Your answer must be the exact lines of the listing below that run from the line with "快新聞／北市沒「母雞」怎選？黃國昌偕白議員信心喊：「兩個太陽+雙核心」沒問題！" to the line with "Comandos consola central", ends included, and no pictures.

== Data shown

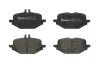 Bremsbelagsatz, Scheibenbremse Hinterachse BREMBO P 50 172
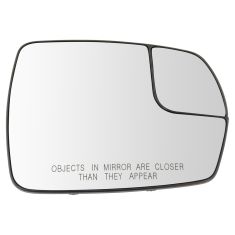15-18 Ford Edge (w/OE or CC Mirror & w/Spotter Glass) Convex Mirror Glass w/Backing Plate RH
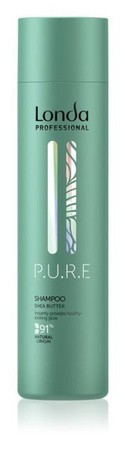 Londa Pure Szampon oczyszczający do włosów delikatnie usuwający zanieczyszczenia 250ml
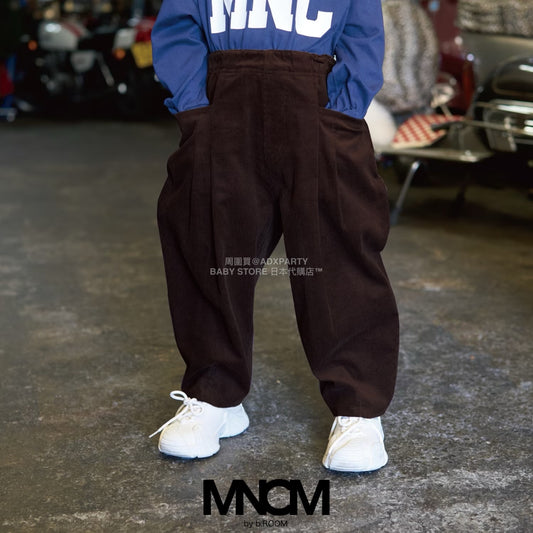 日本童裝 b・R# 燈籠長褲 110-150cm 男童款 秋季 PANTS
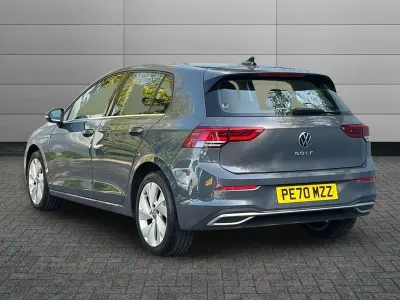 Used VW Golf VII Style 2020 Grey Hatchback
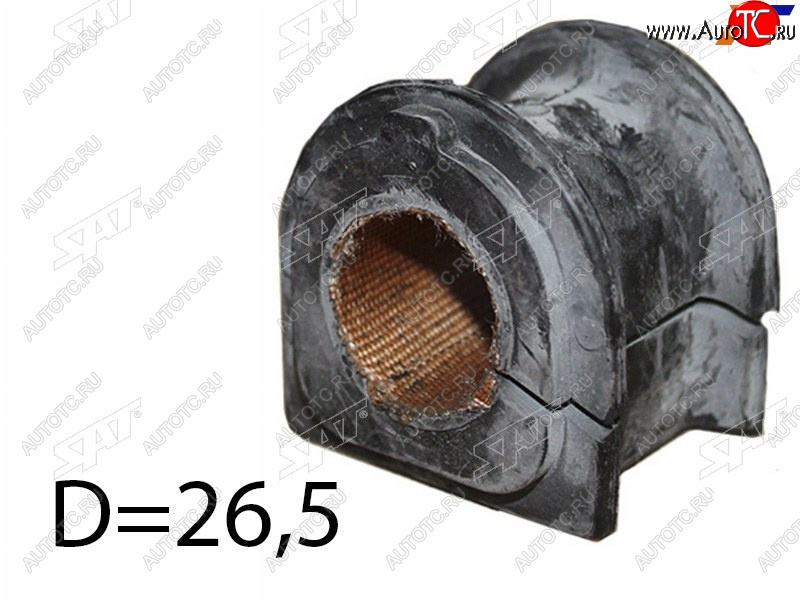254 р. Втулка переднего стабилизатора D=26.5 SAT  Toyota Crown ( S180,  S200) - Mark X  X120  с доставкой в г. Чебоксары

====
== Data shown

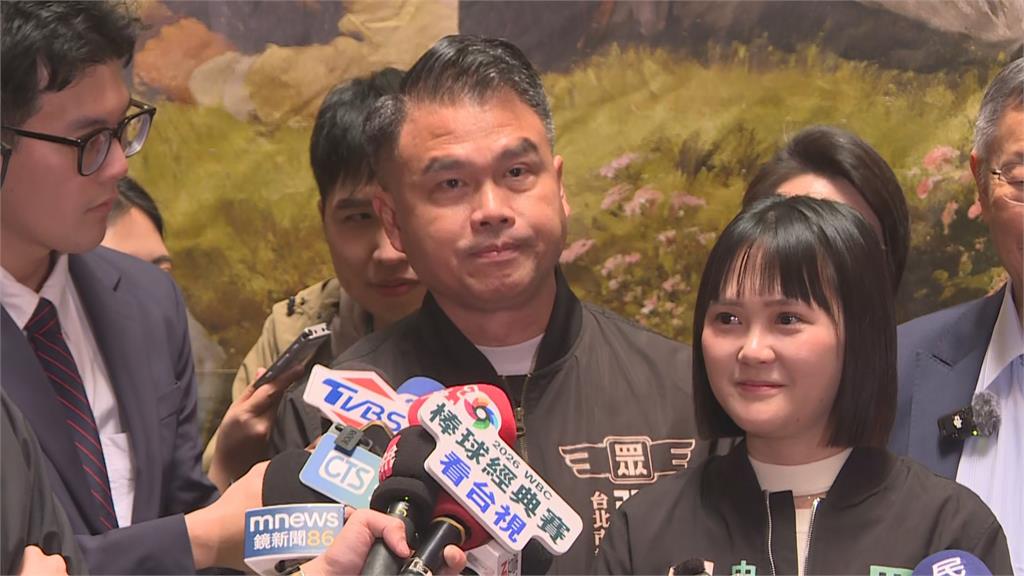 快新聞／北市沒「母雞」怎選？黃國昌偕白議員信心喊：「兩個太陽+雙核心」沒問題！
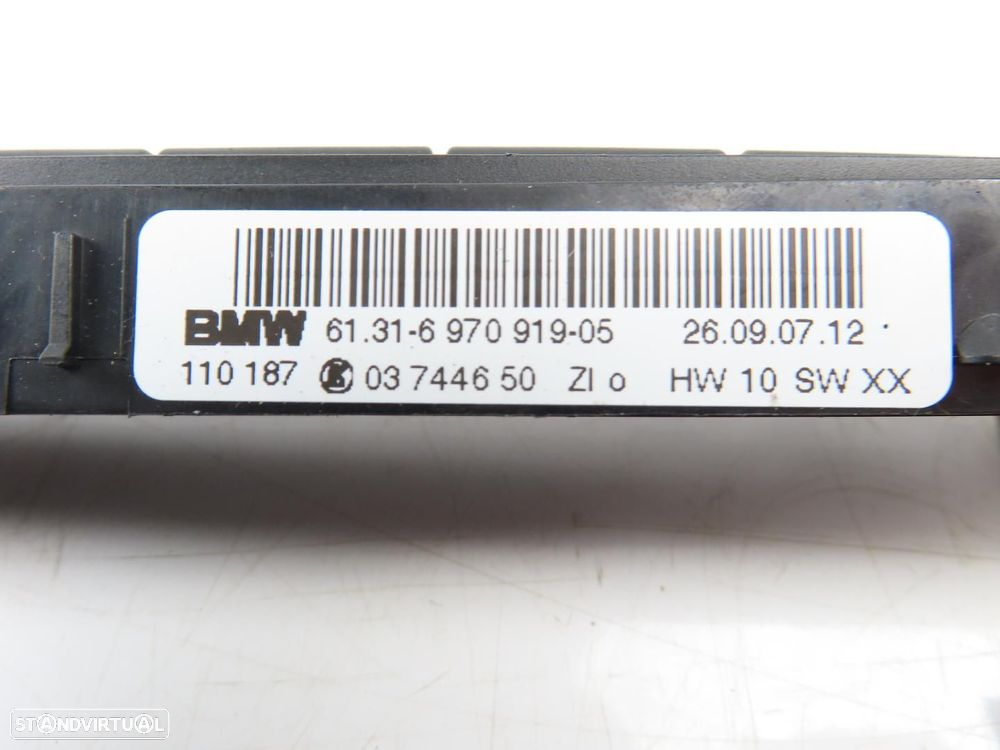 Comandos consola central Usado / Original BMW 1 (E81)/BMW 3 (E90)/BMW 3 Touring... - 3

====

Result of this task –
 快新聞／北市沒「母雞」怎選？黃國昌偕白議員信心喊：「兩個太陽+雙核心」沒問題！
 Comandos consola central Usado / Original BMW 1 (E81)/BMW 3 (E90)/BMW 3 Touring... - 3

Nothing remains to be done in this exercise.